# "Wicked Witch Forest" by Yoda



## Yoda-BB (24 Jan 2015)

76 x 38 x 38 cm
PL 36w * 2
Eheim 2217


----------



## Dantrasy (24 Jan 2015)

Masterful! Great shape tank to work with. Just the right amount of dw is covered up imo.


----------



## Martin in Holland (24 Jan 2015)

Didn't expect anything less from you...great scape again


----------



## Greenfinger2 (24 Jan 2015)

Wonderful


----------



## The_Iceman (24 Jan 2015)

Stunning! Nothing more, nothing less... just stunning!

Regards,
Chris


----------



## Yoda-BB (25 Jan 2015)

Thank you all.


----------



## Alexander Belchenko (25 Jan 2015)

Great! Like that wicked hardscape.


----------



## rodoselada (26 Jan 2015)

very, very, very nice tank, hardscape


----------



## James Fawkes (28 Jan 2015)

This will be the inspiration for my next scape  amazing


----------



## havok (8 Feb 2015)

Awesome job on the scape Even loved the look of it plantless :O


----------



## mantis147 (9 Feb 2015)

Really nice tank! Out of interest what is the wood you are using?


----------



## Jaybles (3 Mar 2015)

That is amazing. Can I ask how to wood is secure? Did you have to fix it in any way? I tried having a piece similar before but couldn't get it to stay where I wanted it.

Sorry if I'm missing something, I'm new to this level of planted tanks!


----------



## Richard Dowling (31 May 2015)

Your wood is incredible! Its almost like dead bonzai trees that have been left to dry out! Nice scape


----------



## Yoda-BB (11 Jun 2015)

Thank you all for the comments...



mantis147 said:


> Really nice tank!

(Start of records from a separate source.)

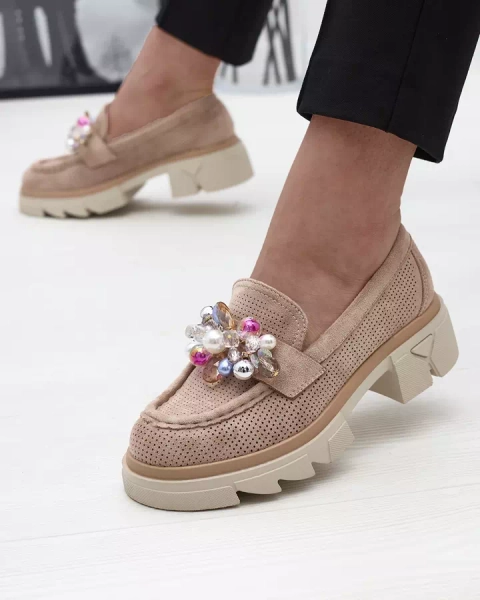 Női világosbarna áttört mokaszin Peloga- Footwear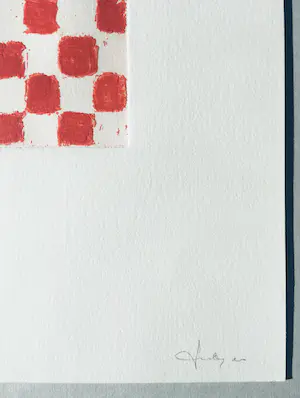 JCJ VANDERHEYDEN - handgesigneerde ets - 'Red checkerboard' - 2011 kopen? Bied vanaf 395!
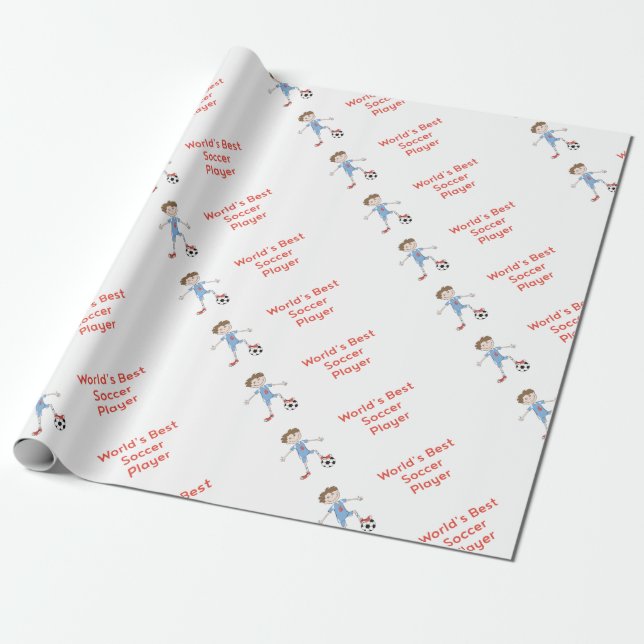 World's Best Soccer Player Wrapping Paper (Unrolled)
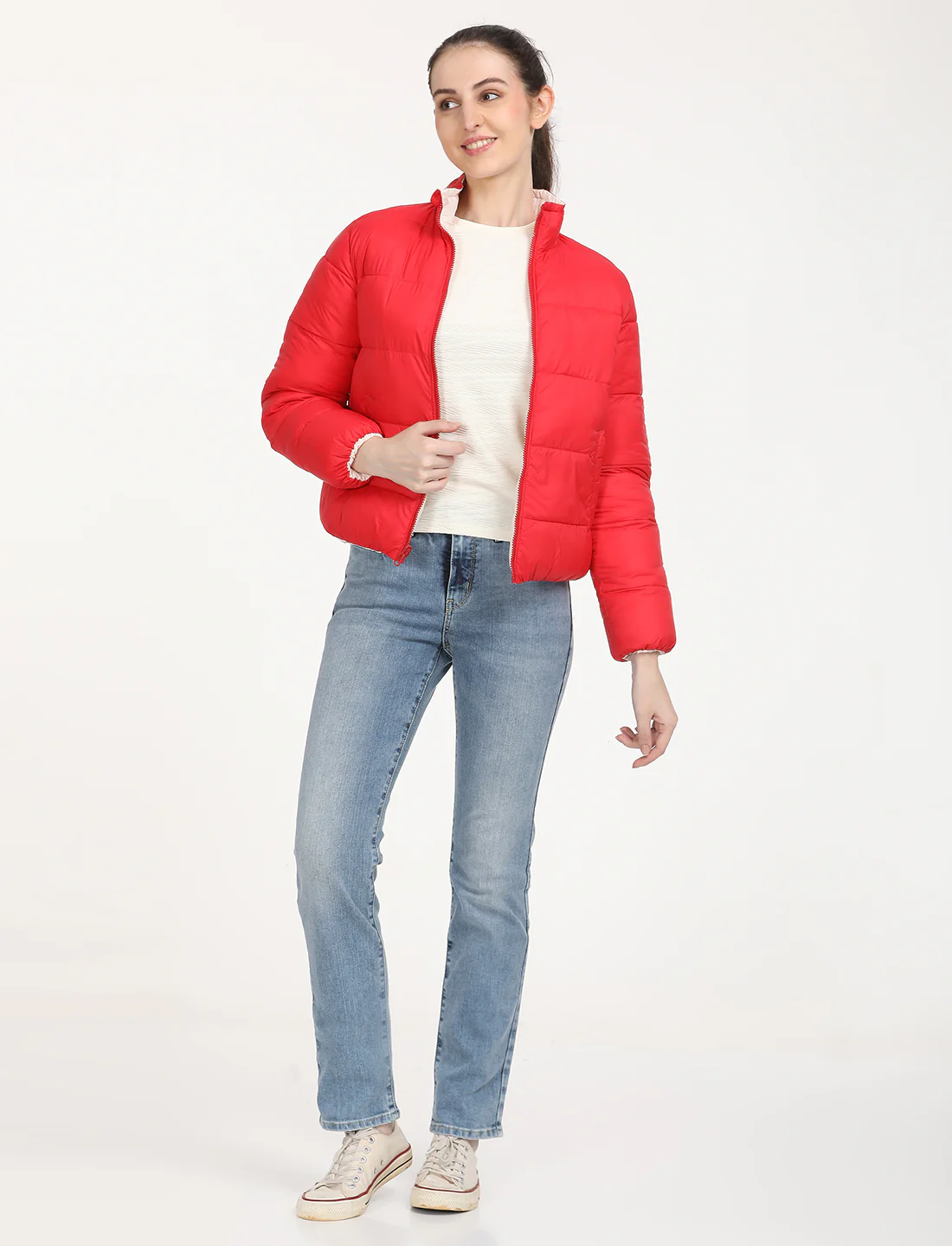 Women's Quilted High Neck Reversible Puffer Jacket - Image 6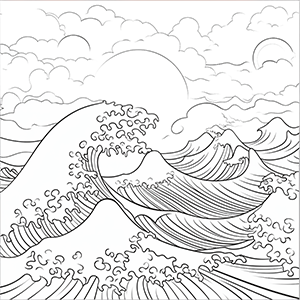 Free Waves Coloring Pages – Coloring corner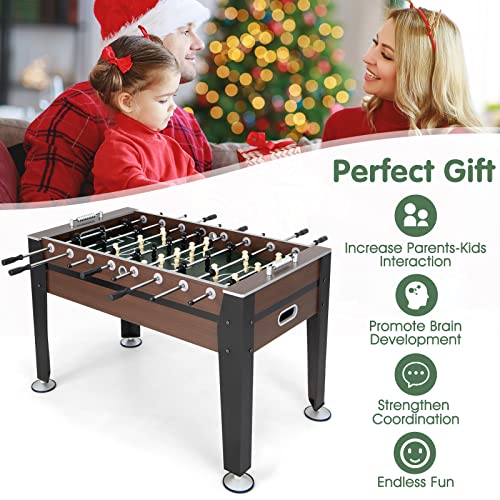 Giantex Foosball Table Adult Size - 54" Foosball Table Full Size with 2 Balls, Wood Football Table, Arcade Soccer Table Game for Kids Adults, Game Room, Home, Office, Party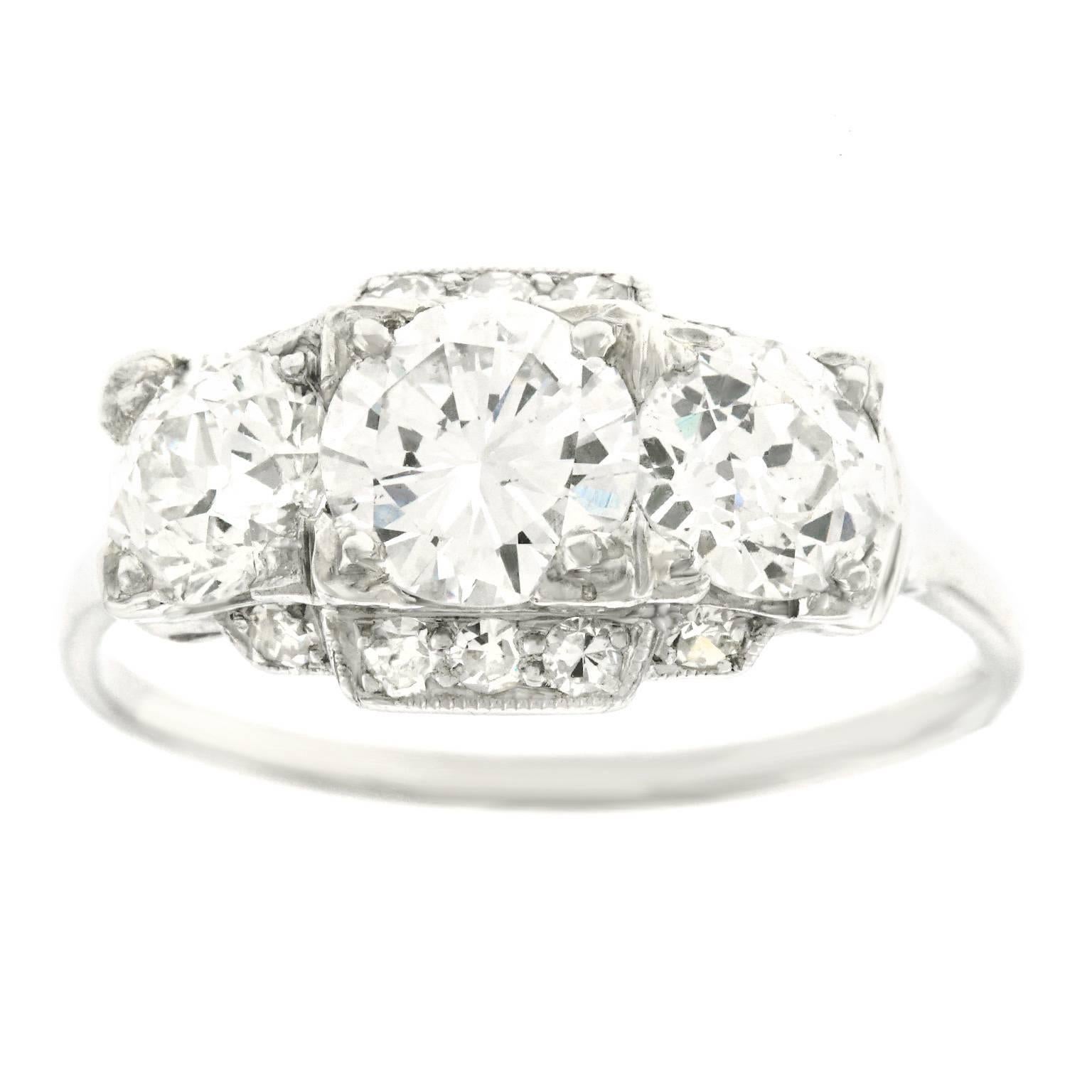 Art Deco GIA Diamond Set Platinum Ring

Out of interest what is the wood you are using?





Richard Dowling said:


> Your wood is incredible! Its almost like dead bonzai trees that have been left to dry out! Nice scape



It is the dead bonzai tree. Sorry, I don't kwow the exact name of the tree. 



Jaybles said:


> That is amazing. Can I ask how to wood is secure? Did you have to fix it in any way? I tried having a piece similar before but couldn't get it to stay where I wanted it.
> 
> Sorry if I'm missing something, I'm new to this level of planted tanks!



There're roots on the big two pieces of the wood. I just added a few rocks into the roots and a big rock at the back of the right one as the base to make them a little bit stronger.


----------



## zozo (11 Jun 2015)

Abstract art!! I see a knight riding a horse, battling the witch!? Nice tank..


----------